Beginning with the line that contains "image du vin", retype the entries below exactly, ending with the line that contains "hollister-cali". Leave out any pictures.

--- Exercise input ---

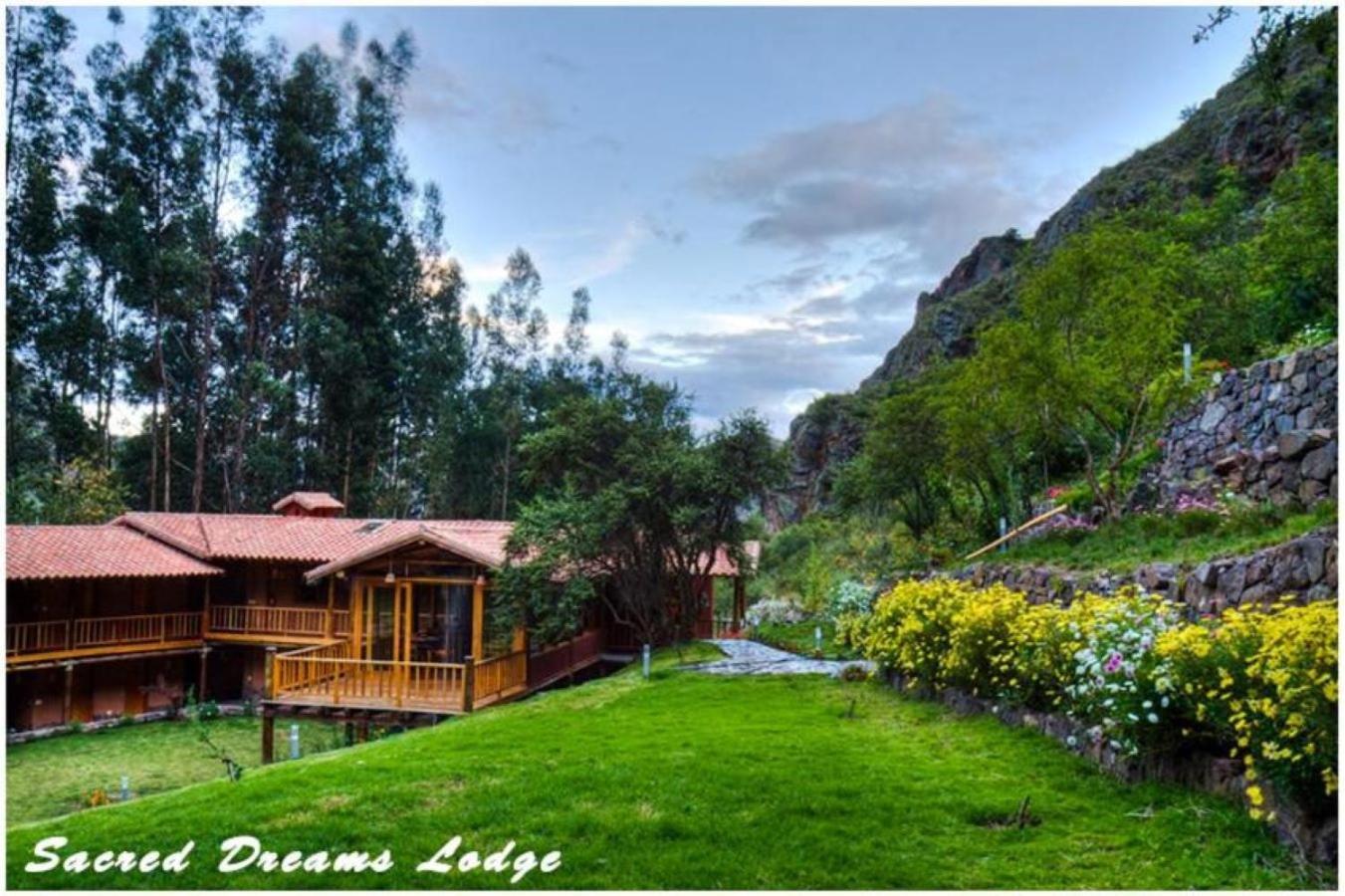 Sacred Dreams Lodge Urubamba Exterior foto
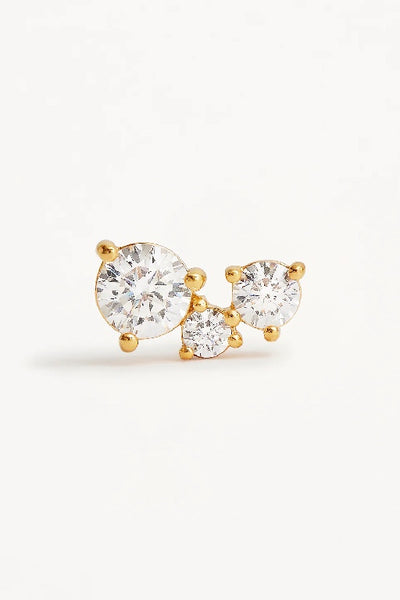 BY CHARLOTTE - WHISPERS OF LOVE STUD EARRINGS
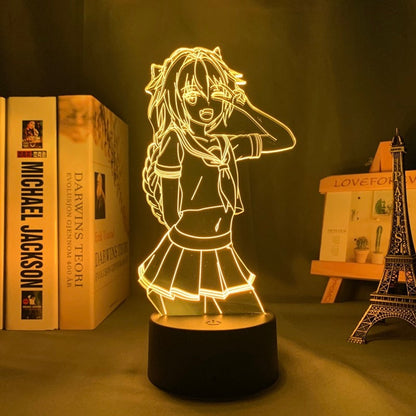 Fate Apocrypha Astolfo 3D Lamp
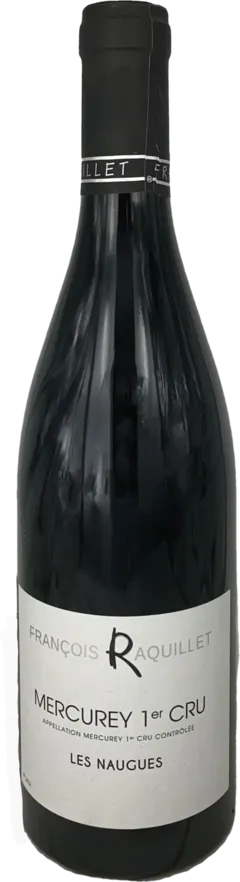 image du vin Aoc Mercurey 1er Cru les Naugues Domaine Raquillet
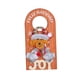 thumbnail image 1 of Pomo De Puerta De Madera De Navidad, Cartel Colgante Decorativo Para Decoración De Fiesta De Granja, Oso, 1 of 5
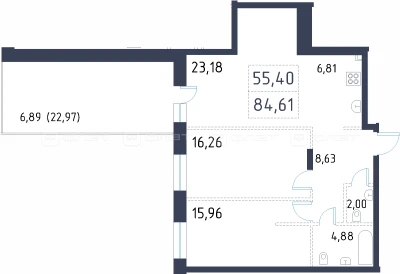 Планировка квартиры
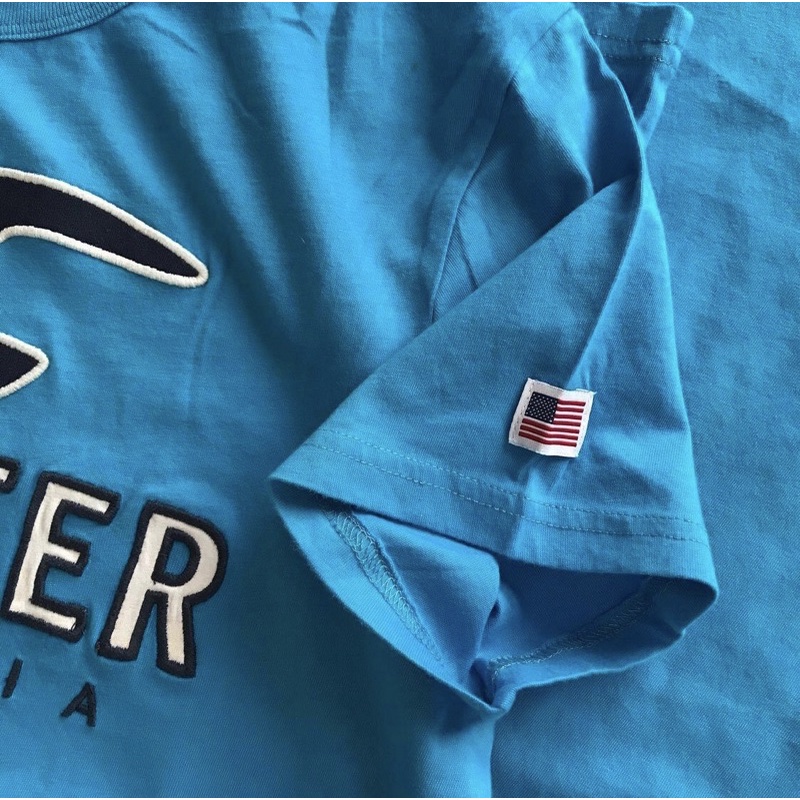 hollister-california-print-t-shirt-เสื้อยืดคอกลมแขนสั้นแบรนด์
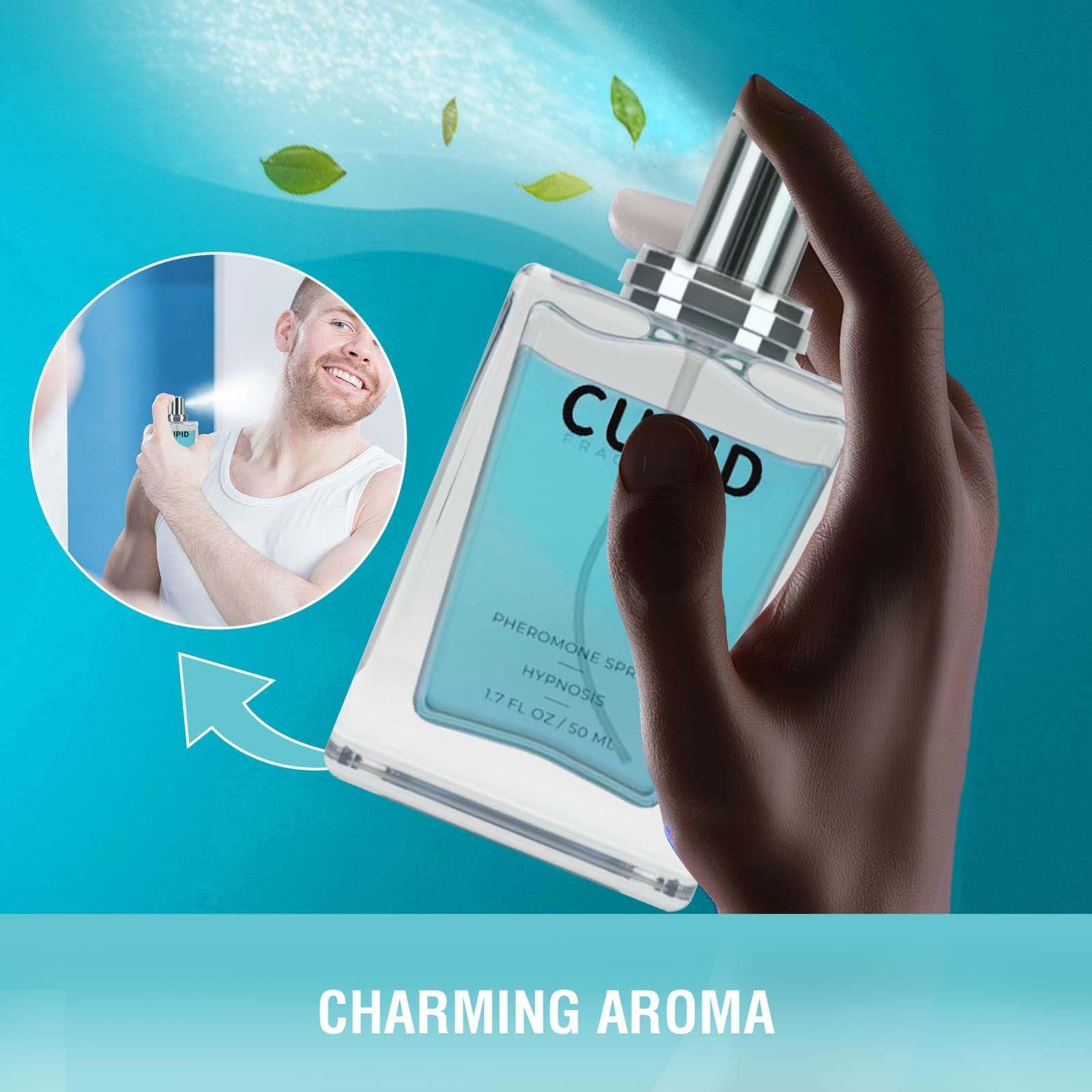 Premium Cupid Cologne for Men - 50ml Hypnotic Fragrance with Pheromones | Attract Love & Confidence | Perfect for Dates, Romance & Special Occasions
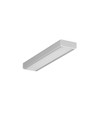 2m aluminiumprofil SURFACE14 EE7F/TY - Anodiserad, utanpåliggande, LED-skena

---

**Output of the exercise**
 image du vin Aoc Mercurey 1er Cru les Naugues Domaine Raquillet
 thumbnail image 1 of Pomo De Puerta De Madera De Navidad, Cartel Colgante Decorativo Para Decoración De Fiesta De Granja, Oso, 1 of 5
 Планировка квартиры
 hollister-california-print-t-shirt-เสื้อยืดคอกลมแขนสั้นแบรนด์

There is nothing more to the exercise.